Most states that collect income tax have a system that’s similar to the federal government’s quarterly payments system. So, you’ll have to not only set aside money for federal income taxes, but also for what you owe the state.
Misconception #2: I only have to pay quarterly taxes if I’m a full-time freelancer.
The truth: Even if freelancing is only your side-hustle, you probably still have to pay quarterly taxes. According to the IRS, Individuals (including sole proprietors, partners, and S Corporation shareholders) must make estimated tax payments if they believe their year-end tax bill will total $1,000 or more from freelance or self-employed income.
If you (or your spouse) holds a W-2 job, you might be able to have extra taxes withheld by your employer to minimize the amount you owe yourself. In that case, you should work with a tax professional to run the numbers and figure out what, if anything, you should still be paying each quarter.
Misconception #3: Quarterly taxes are just as complicated as annual taxes.
This is not as hard or as scary as you think it is. The most important thing is just to manage your cash flow and make sure you’re setting some money aside for the IRS.
The truth: Filing your tax returns in April takes way more work than simply making your quarterly payments. Filing your year-end taxes means going through reams of documents to make sure you’ve accounted for all expenses and are getting any applicable deductions. Paying your quarterly taxes simply requires making an estimated payment.

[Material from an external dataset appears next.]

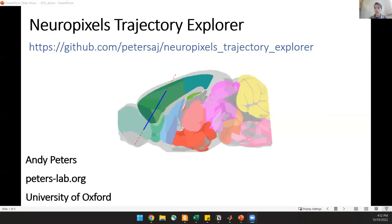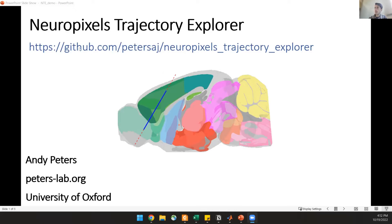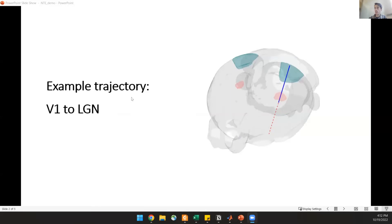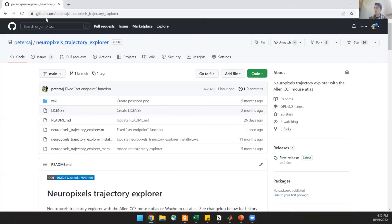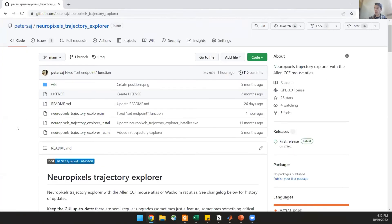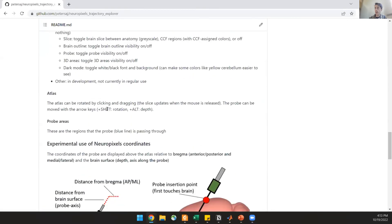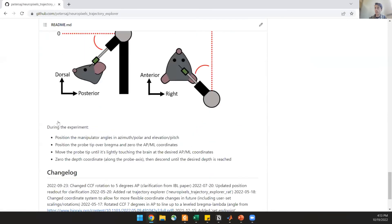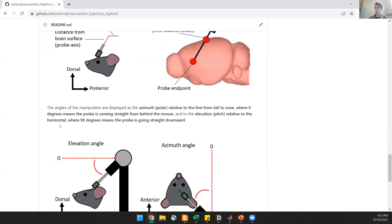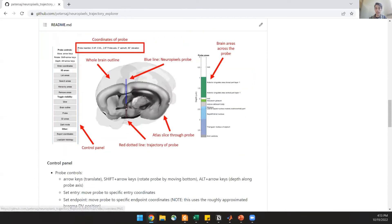So I'm going to share my screen and then talk to you a little bit about Neuropixel's Trajectory Explorer. So this one was in MATLAB because I'm a MATLAB heavy user. So if you don't have MATLAB, there is a standalone version available, but it's not kept up as much as you should be. This tool is kept on my GitHub repo, which is shown here, and it's also in the Slack group that you can find online. So today I'll just take you through a very simple demonstration of planning trajectory between V1 and LGN simultaneously.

“This is not as hard or as scary as you think it is,” Hall says. “The most important thing is just to manage your cash flow and make sure you’re setting some money aside for the IRS.”

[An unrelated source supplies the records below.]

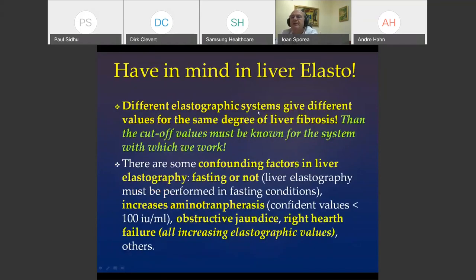Important considerations: every system has a different cutoff value, and we must know the specific cutoffs for the system in our laboratory. Second, there are confounding factors to keep in mind: the patient must be fasting; elevated aminotransferases increase elastographic values, so we should be confident in values only when aminotransferases are below 100 units; obstructive jaundice and significant right heart failure also increase liver elastography values.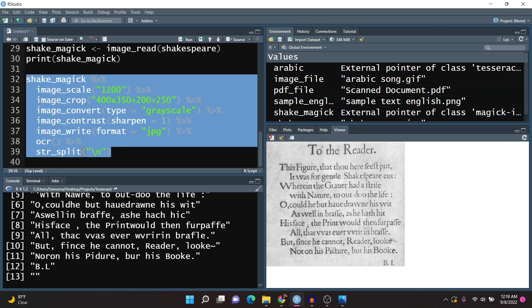That is the conclusion of the video. I hope you learned more about how optical character recognition works in R. Feel free to explore it on your own for personal projects or business problems. If you have any questions please let me know in the comments below, and I will see you in the next tutorial.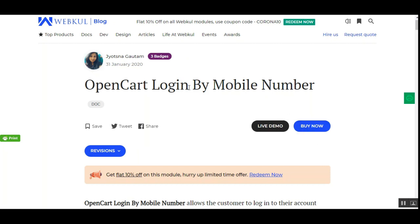Hello and welcome to this new video tutorial of the OpenCart Login by Mobile Number plugin. In today's video tutorial, I'll be showing you the web store front-end workflow — how a guest customer or a registered customer can log into their account using their mobile number. I'll also be showing you the backend configuration required for this plugin by the admin.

As long as you have the cash to make the payment, paying quarterly taxes literally only takes a few minutes. bSolo makes it even easier, automatically withdrawing cash for your tax payments from your personal bank account when client payments come in, scheduling, and sending tax payments on your behalf.

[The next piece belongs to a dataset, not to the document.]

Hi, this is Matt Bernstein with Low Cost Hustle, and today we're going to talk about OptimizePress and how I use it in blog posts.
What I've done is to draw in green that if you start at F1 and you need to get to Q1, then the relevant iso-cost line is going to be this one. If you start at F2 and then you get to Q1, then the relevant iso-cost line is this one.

Misconception #4: You must pay taxes on your actual income each quarter.
The truth: You don’t need to calculate your actual income and expenses until you file your year-end taxes. Instead, the IRS allows freelancers to take advantage of the “safe harbor” provision, which allows you to use last year’s tax payments as a proxy for what you’ll owe this year. If you make quarterly payments that total the same amount as the taxes you paid last year, you won’t be subject to underpayment penalties, even if you earn significantly more this year. High earners –those who earn more than $75,000 ($150,000 for married couples filing jointly) have to make payments equal to 110% of last year’s taxes.
“That’s especially good for freelancers just starting a business, who are making more money ever year,” says Eve Davis, a enrolled agent based in Portland, Oregon. “In that case it can be hard to know how much money you’re going to make and figure out those quarterlies.”
Still, there is an option for freelancers who’d rather base their taxes on how much they expect to earn this year, need to pay at least 90% of what they earn. When you file your taxes at the end of the year, you’ll reconcile your payments with what you actually owe, just as you would if an employer withheld your taxes on your behalf. You’ll owe additional taxes (but no penalties) if you earned more than last year, and you’ll receive a refund if you’ve overpaid.
Misconception #5: My payments are due at the end of each calendar quarter.
The truth: While it would seem logical that you’d pay your quarterly taxes at the end of each quarter, the calendar is rather quirky. You quarterly payments are due on the following schedule:
- First quarter: April 15
- Second quarter: June 15
- Third quarter: September 15
- Fourth quarter: January 15 (of the following year)
Since the dates are hard to remember, you might need to set up calendar alerts to remind you when taxes are due. Or, you can use bSolo to keep track of when your payments are due and make them on your behalf.